Clinical informatics—also known as applied or operational informatics—is a subspecialty of biomedical informatics (Fig. 1). Clinical informatics is the application of informatics and information technology (IT) to deliver health care services by clinicians (Fig. 2).
Physicians who practice clinical informatics—known as clinical informaticians or clinical informaticists—analyze, design, implement, and evaluate information systems and their associated data and processes to enhance individual and population health outcomes, improve patient care, and strengthen the clinician-patient relationship.
Clinical informatics was established as a board-certifiable subspecialty for physicians in 2011 because of the recognition of technology and big data's increasing presence in the practice of health care. Much like how the radiologist is to be distinguished from the radiology technician or the pathologist from the laboratory technician, the role of the clinical informatician is separate from that of an IT professional who helps to build, implement, and support clinical information systems.
The core competencies expected of clinical informaticians include the following: having a fundamental understanding of informatics as a discipline, developing, selecting, and maintaining effective health information systems, being able to implement clinical decision-making systems and care process improvement, and leading and managing change.
Many opportunities exist which combine surgery with informatics. Examples range from leveraging electronic health records (EHRs) for data collection to improving the perioperative workflow with real-time data analytics and to improving communication with patients through telehealth and patient portals. In 2017, an expert panel at the Surgical Outcomes Club meeting was convened to discuss opportunities for innovation and improvement in surgical care through health IT.
In 2018, the American Medical Informatics Association Clinical Informatics Conference dedicated a session in its programming solely to surgery and informatics, emphasizing the growing awareness within the informatics community itself of the need to expand the representation of clinical informatics beyond primary care and pathology. In 2019, a hot topic panel was hosted at the Academic Surgical Congress to discuss the role of the surgeon informatician as both surgeon researcher and surgeon advocate. Efforts are currently being taken by the American College of Surgeons Health Information Technology (HIT) committee to establish a library of known surgically relevant mobile applications, wherein committee members use a standardized rubric to describe and rate each application to help American College of Surgeons members navigate the multitude of mobile applications available. Surgeons formally trained as clinical informaticians—with their commensurate clinical, technical, and leadership qualifications—are indispensable to ensuring that the implementation and integration of information technologies optimally support surgical practice and research.

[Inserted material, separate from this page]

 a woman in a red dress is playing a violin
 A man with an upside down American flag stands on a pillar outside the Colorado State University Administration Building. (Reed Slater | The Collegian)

Understanding the informatics environment
On February 17, 2009, the American Reinvestment and Recovery Act was passed as an attempt to modernize the nation's infrastructure.
Included was the Health Information Technology for Economic and Clinical Health (HITECH) Act, an effort pushed by the Centers for Medicare and Medicaid Services (CMS) and the Office of the National Coordinator for Health IT, to support the “meaningful use” of and widespread implementation of EHRs throughout the United States as critical goals. Meaningful use is defined as the use of certified EHR technology in a meaningful way; for example, to meet meaningful use criteria, EHRs must offer features such as electronic prescribing, EHR interoperability, and reporting of quality metrics. Meaningful use relies on the following five health policy priorities: (1) improving quality, safety, efficiency, and reduce health disparities, (2) engaging patients and families in their health, (3) enhancing care coordination, (4) improving population and public health, and (5) ensuring adequate privacy and security protection for personal health information.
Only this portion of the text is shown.